The Mind-Bending Twister of ‘The Unknown Known’

The Unknown Known represents Errol Morris’s attempts to understand the complexities of 81-year-old Donald Rumsfeld, former Secretary of Defense under Presidents George W. Bush and Gerald R. Ford. Despite the extended character portrait, however, the known still remains unknown at the end of this documentary.

No one else could have created this portrait of such a divisive political figure. Morris is well-suited to handling complex subjects, as he has shown with The Fog of WarStandard Operating Procedure, and other documentaries. Many of his usual techniques appear here: stylized text and archival materials, clean interview settings, recording device shots, a haunting Danny Elfman score. Morris also engages his interview subject from behind the camera throughout the documentary.

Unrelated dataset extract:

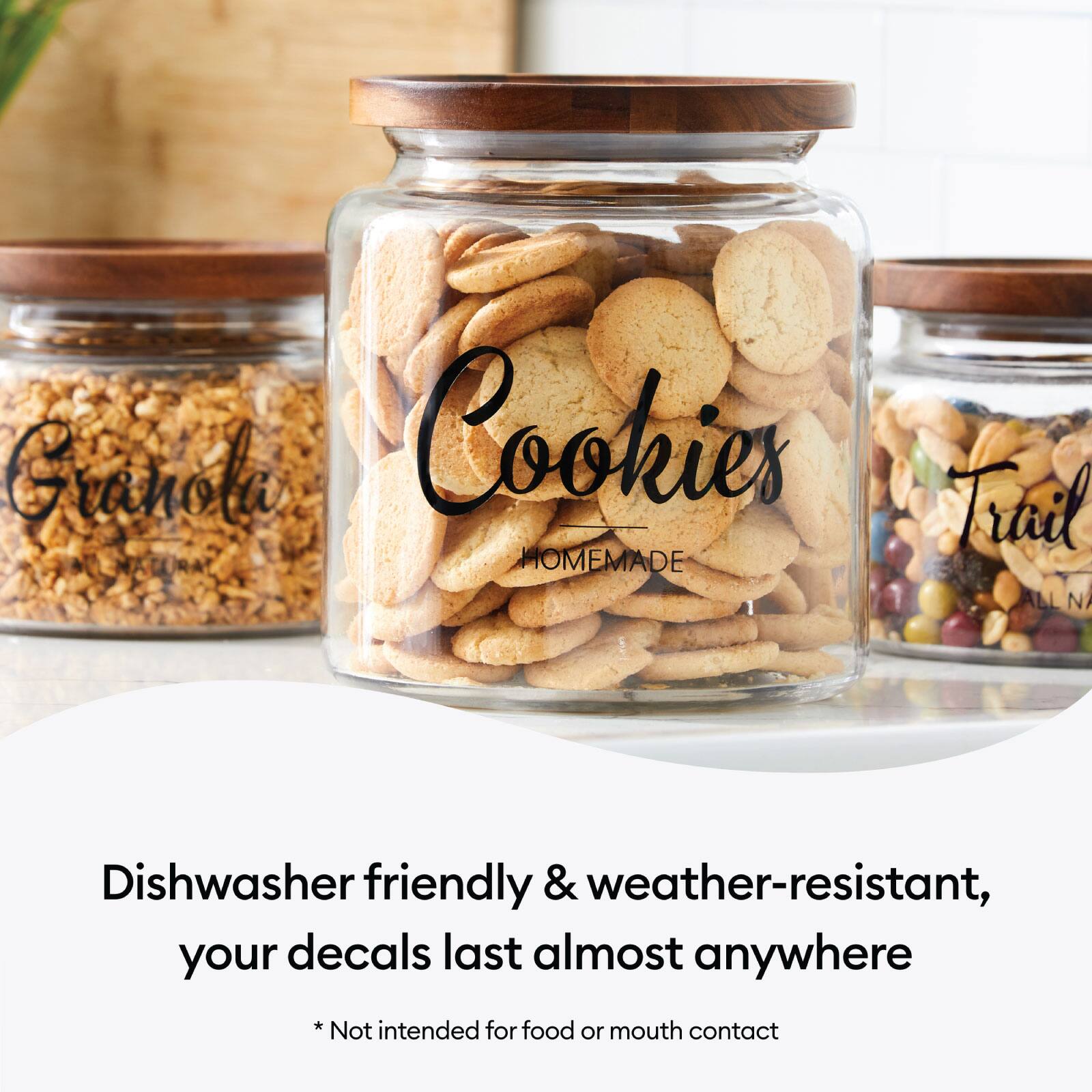 Granola Cookies Trail HOMEMADE

Dishwasher friendly & weather-resistant, your decals last almost anywhere

* Not intended for food or mouth contact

Rumsfeld confounds. He comes across as precise yet vague, pithy yet desultory, likeable yet maybe not so much. The interview scene subtly suggests these disparities. Rumsfeld sits against a dark backdrop with mostly bright lighting, except for the shadow that appears across the left side of his face. Those with strong opinions about Rumsfeld — either way — will probably see their opinions affirmed.

Those seeking definitive answers and explanations about what happened during the Iraq war, however, will be disappointed. The documentary more so chronicles Rumsfeld’s career against the backdrops of war and political upheavals. His career unfolds through a combination of Rumsfeld’s own commentary and archival material montages.

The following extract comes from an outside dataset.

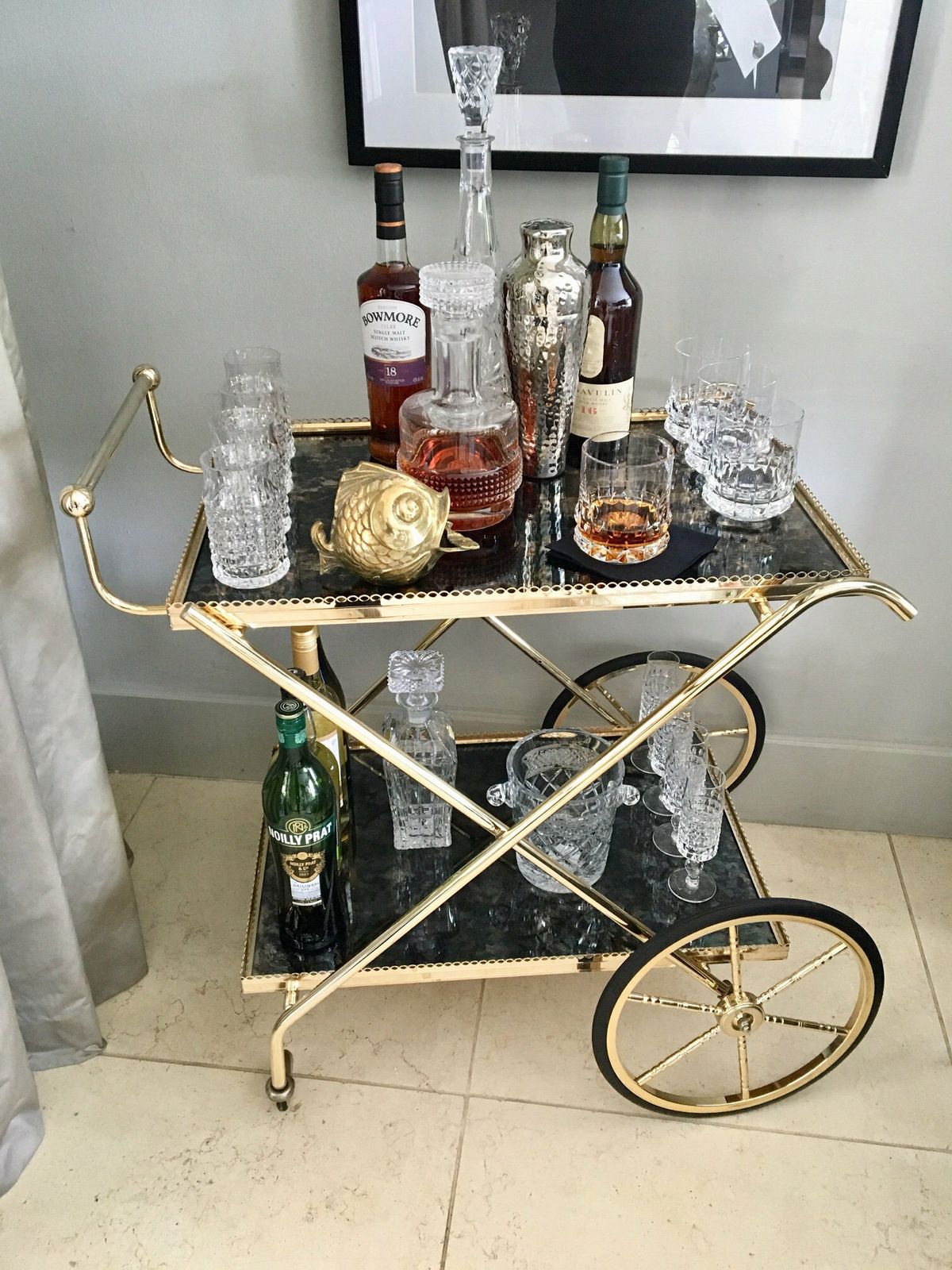 Bar Cart Maison Jansen | Polished Brass And Gold Plated | Antique Mirror Glass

A type of archival material central to the story’s unfolding is Rumsfeld’s voluminous memos. He suggests that he dictated a “million” of them during his political career. They serve as an archive of his work and ideas, and the archive is so vast that even Rumsfeld himself fails to remember what he said or meant in some of them.

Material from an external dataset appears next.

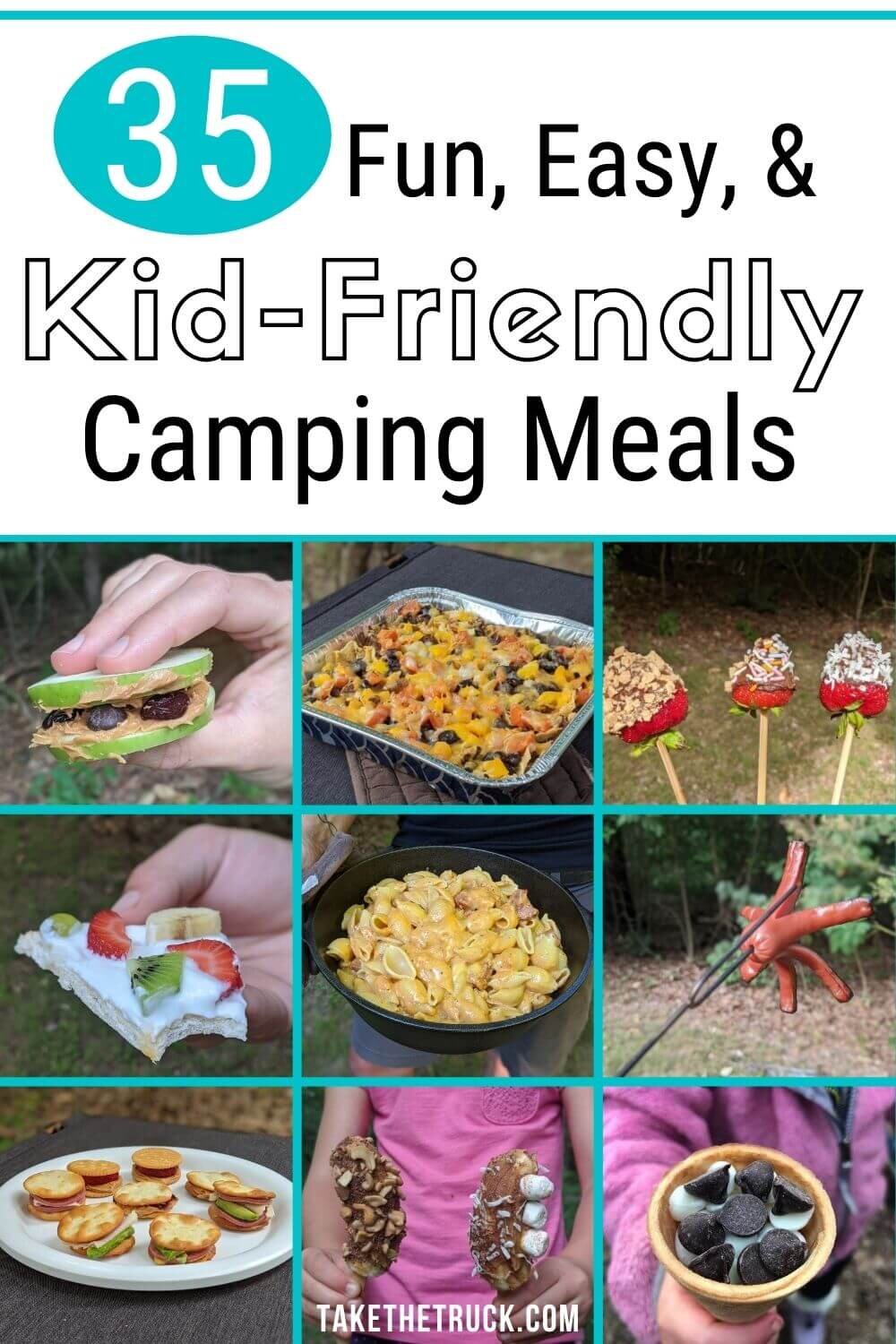 These 35 camping meals for kids are organized into camping breakfasts, lunches, dinners, plus healthy camping snacks and fun kid friendly desserts. Tons of fun camping food ideas for kids!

The toughest sequence addresses the “torture memos” about treatment of prisoners at Guantanamo Bay and Abu Ghraib, which Morris addressed in Standard Operating Procedure. Rumsfeld discusses signing off on some “approved” procedures but not others. The list itself is horrifying, and the decision of which ones to “approve” or “discourage” seems just as horrifying.

The pictures of these torture tactics became the spectacles of horror in Standard Operating Procedure, so it seems fitting that Morris would take the opportunity to ask, “Why do you think the pictures did it?” Rumsfeld’s answer about their being “disgusting and revolting” feels almost too obvious.

Yet Rumsfeld plays himself as seemingly unaware of the extremes in torture happening in the prisons. He claims at one point, “Zero were waterboarded at Guantanamo. The military never waterboarded anybody in an interrogation.”

Morris takes several opportunities to ask Rumsfeld questions off-camera throughout the documentary. Rumsfeld remains measured in his responses, even as Morris’s tone becomes more incredulous.

For example, Morris asks, “How do you think they got away with 9/11? It seems amazing in retrospect.”

With a small smile Rumsfeld replies, “Everything seems amazing in retrospect.”

Morris also asks, “Was it failure of imagination, or failure to look at the intelligence that was available?” His question refers to the bombing of Pearl Harbor and how it caught the United States by surprise.

Rumsfeld looks at the camera for a moment and then pauses. The documentary then cuts to another shot, which raises a question of what Rumsfeld actually answered.

Ever the spin master, Rumsfeld remains full of platitudes and witticisms in both his comments with Morris and his interviews with the press. For example, he claims, “All generalizations are false, including this one.”

That kind of thinking informs the rhetorical gymnastics that inspired this documentary’s title. The rhetoric comes from a spiel Rumsfeld delivered to the press and a memo he wrote. It presents a series of oxymorons that supposedly explain how intelligence works. The phrase “unknown knowns” refers to “the things we don’t know we don’t know.”

Near the documentary’s end, Morris asks a question many people might be asking themselves: “Why are you doing this? Why are you talking to me?”

Rumsfeld’s reply this time is just as vague as his other ones.

“That is a vicious question. I’ll be darned if I know.”

Morris ends the film with a rather poignant note: “In memory of Roger Ebert 1942-2013.” Ebert died a year ago this month. He is still missed.